The preliminary diagnosis generated at step 8320 is passed to a step 8330 and the preliminary diagnosis is processed to determine and output one or more questions or sets of questions to output to a user. For example, the processing at step 8330 may be performed by the output generator 3020 and/or threshold operation 285. The selection may involve selecting the two initial diagnoses which have the highest confidence values. For the example of Table. 1 , this would involve selecting the initial diagnoses of depression and social phobia. As described above, alternative selection methods are possible, for example instead of selecting the two initial diagnoses with the highest confidence values, the computer-method may comprise selecting the three or four or more initial diagnoses which have the highest confidence values. Alternatively, the computer-implemented method may comprise selecting the initial diagnoses which have a confidence value greater than a predetermined threshold such as 50%. For the example of Table. 1 , this would involve selecting the initial diagnoses of depression for the further assessment. Alternatively, the computer-implemented method may comprise selecting the initial diagnoses with the highest confidence values until a cumulative confidence value exceeds a threshold, such as 90%. In the example of Table 1, this would involve selecting the initial diagnoses of Depression, Social Phobia and Panic Disorder.

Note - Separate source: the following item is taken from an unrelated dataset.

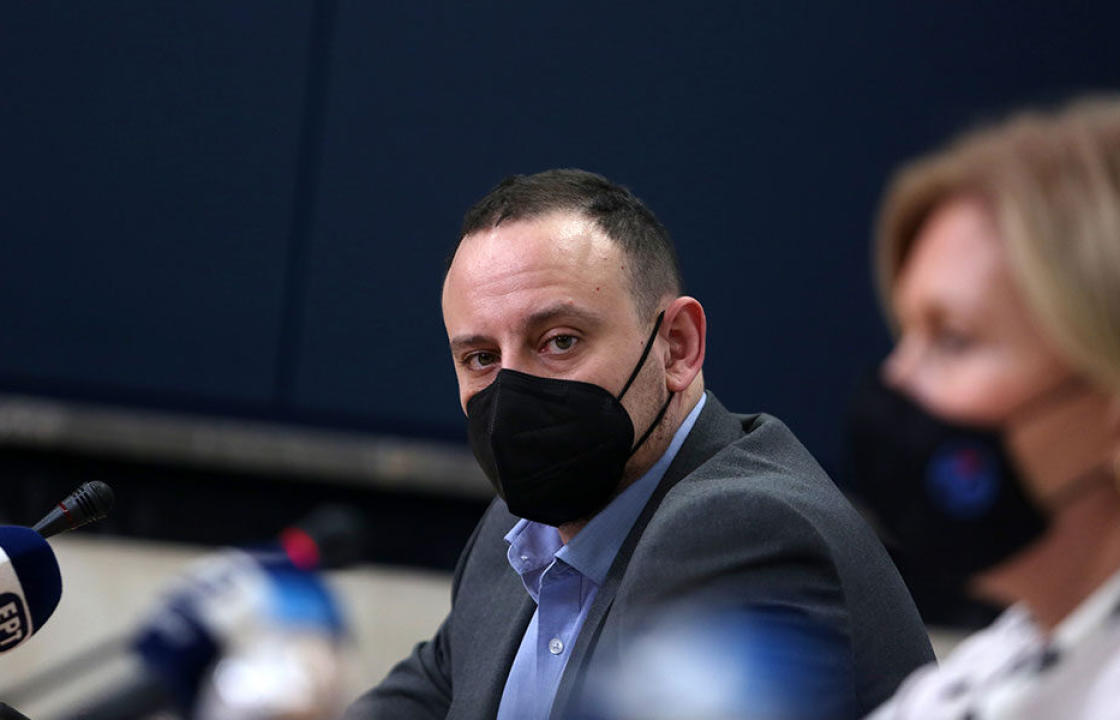 Μαγιορκίνης: Ίσως το Πάσχα να μην απαιτείται πιστοποιητικό εμβολιασμού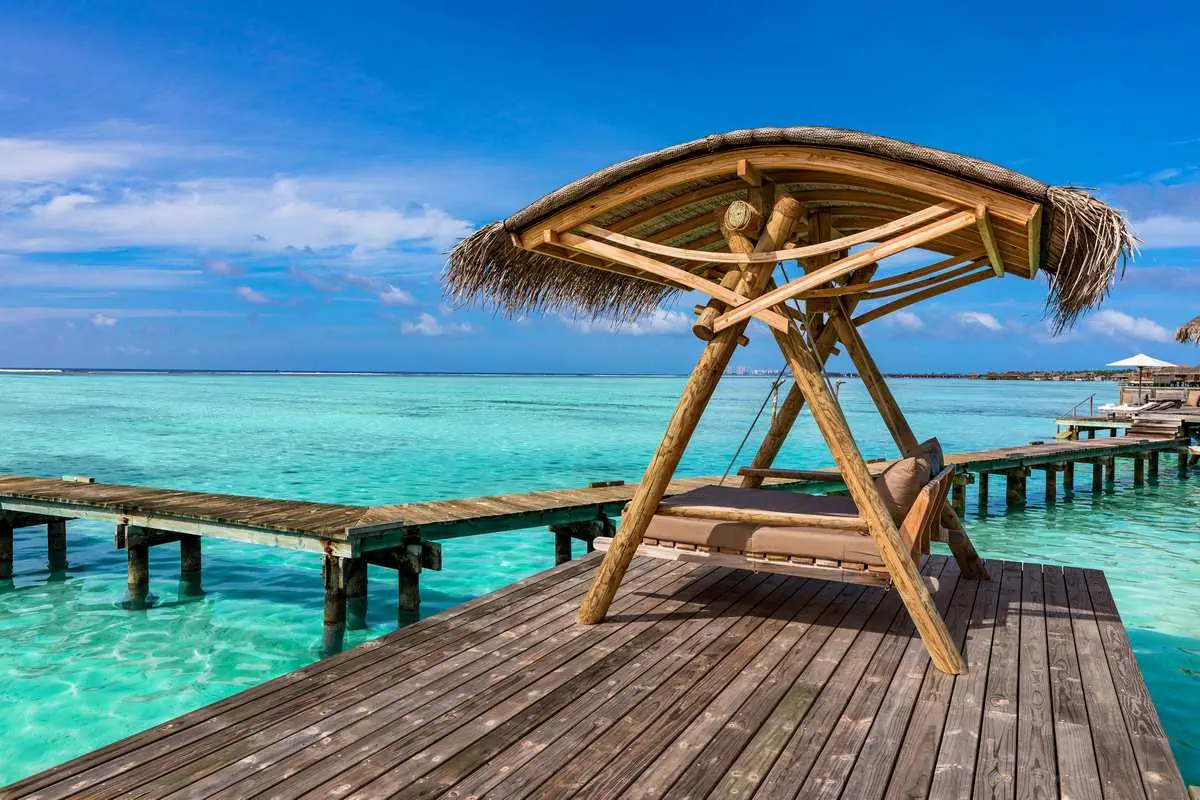 Gili Lankanfushi - zdjęcie 12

For illustration purposes, in an example in which the method 8400 is used in a process to diagnose a mental health condition, the processing of step 8330 may select from the following medically validated questionnaires.

Depression: Patient Health Questionnaire -9 (PHQ-9)

Generalised anxiety: Generalised Anxiety Disorder - 7 (GAD-7)

Social phobia: Social Phobia Inventory (SPIN)

Panic disorder: Panic Disorder Severity Scale (PDSS)

OCD: Obsessive-Compulsive Inventory revised (OCI-R)

- PTSD: PTSD Checklist for DSM-5 (PCL-5)

Health anxiety: Health Anxiety Inventor (HAI-18)

Specific Phobia: Severity Measure for Specific Phobia (SMSP)

The processing of step 8330 may perform other steps prior to outputting the list of questions, as described above with reference to the questions selector 3020. For example, the processing of step 8330 may include removing questions which have already been presented to a user, removing duplicate questions, and selecting only questions or sets of questions corresponding to a preliminary diagnosis class that has a sufficiently high probability (and/or confidence) or a group having a cumulative probability greater than a threshold.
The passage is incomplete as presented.